[Short web captions]
========================================================================
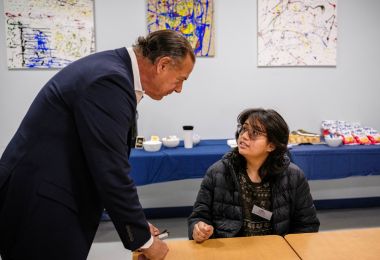 Dr. Robert Previti speaks with an Atlantic Cape scholarship recipient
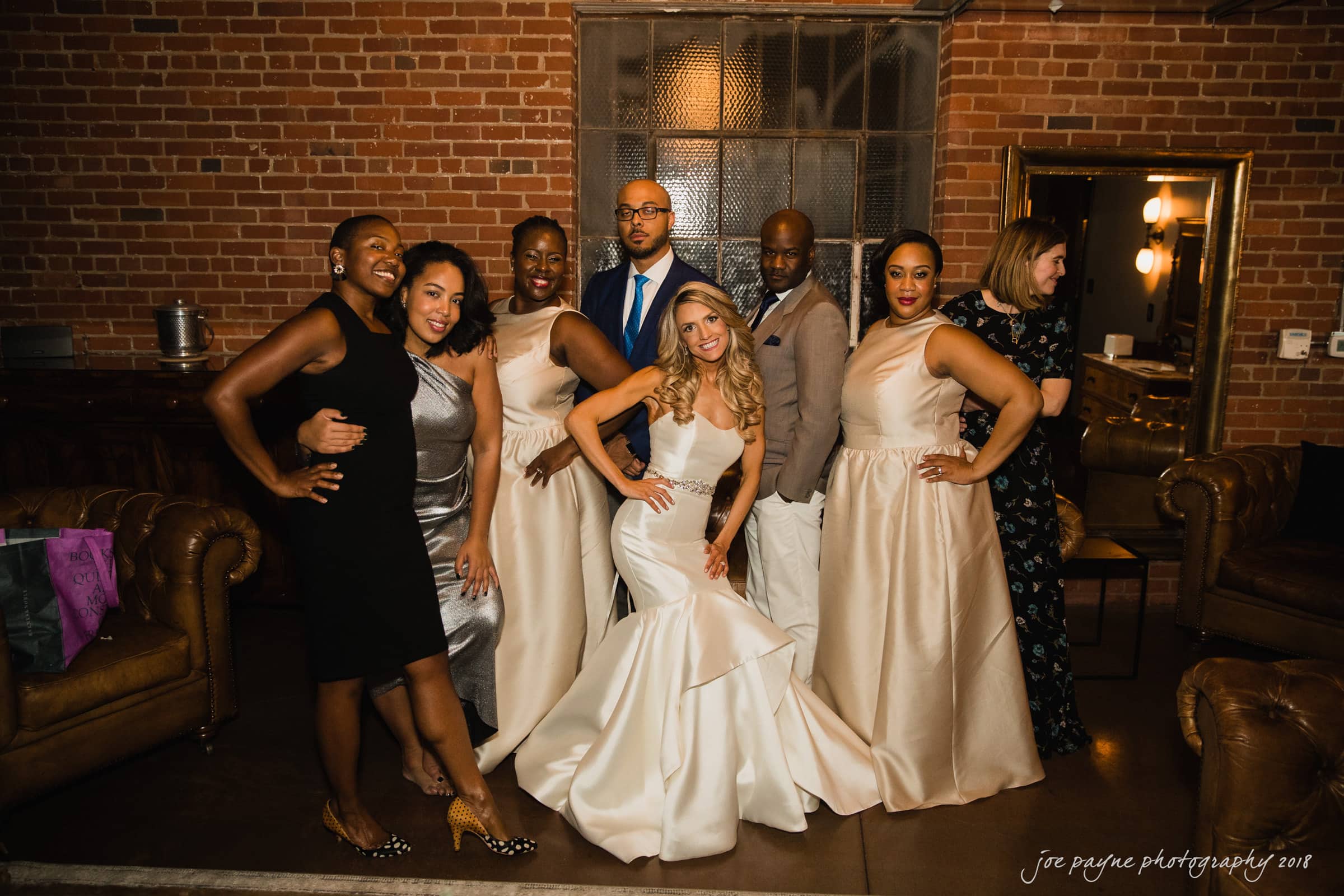 A group of people posing indoors in formal attire. Several women are wearing elegant dresses, and the men are in suits. They are standing in a room with exposed brick walls and leather chairs, smiling and striking playful poses.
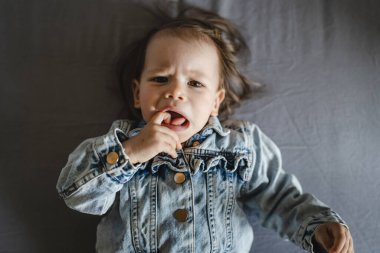 Beyaz bir kızın evde ceketle yattığı beyaz bir bebeğin portresi.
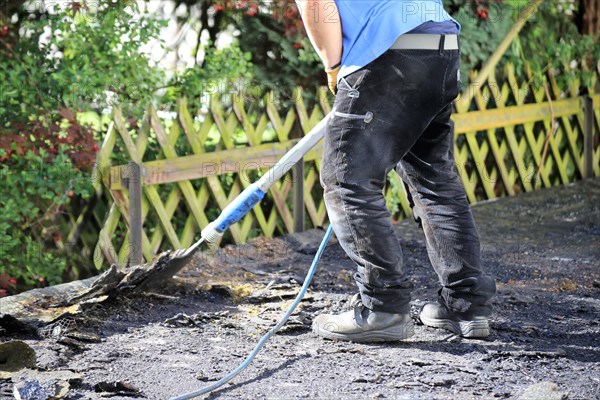 Roofers remove old bitumen and roof waterproofing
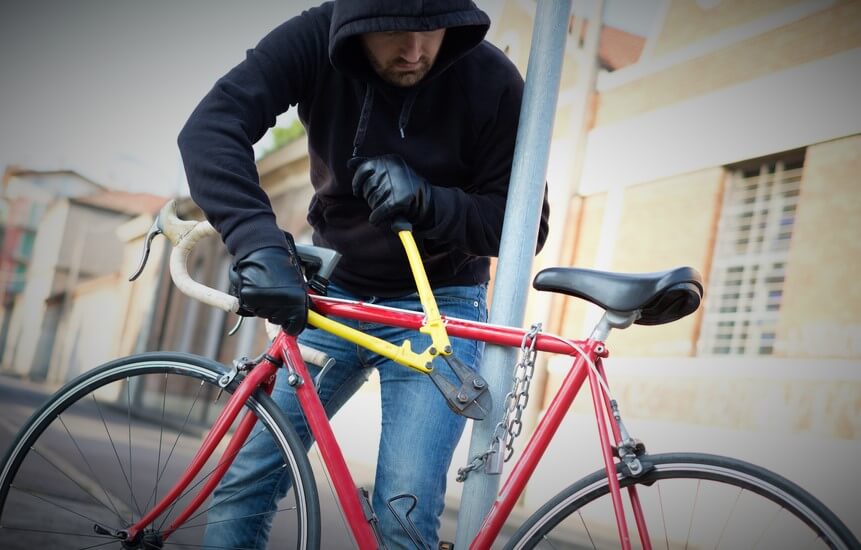 Bike thief stealing a locked bike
========================================================================
> **Exercise instructions**
All of the records above are to be written out exactly, minus their images.

> **Output for this task**
 Dr. Robert Previti speaks with an Atlantic Cape scholarship recipient
 A group of people posing indoors in formal attire. Several women are wearing elegant dresses, and the men are in suits. They are standing in a room with exposed brick walls and leather chairs, smiling and striking playful poses.
 Beyaz bir kızın evde ceketle yattığı beyaz bir bebeğin portresi.
 Roofers remove old bitumen and roof waterproofing
 Bike thief stealing a locked bike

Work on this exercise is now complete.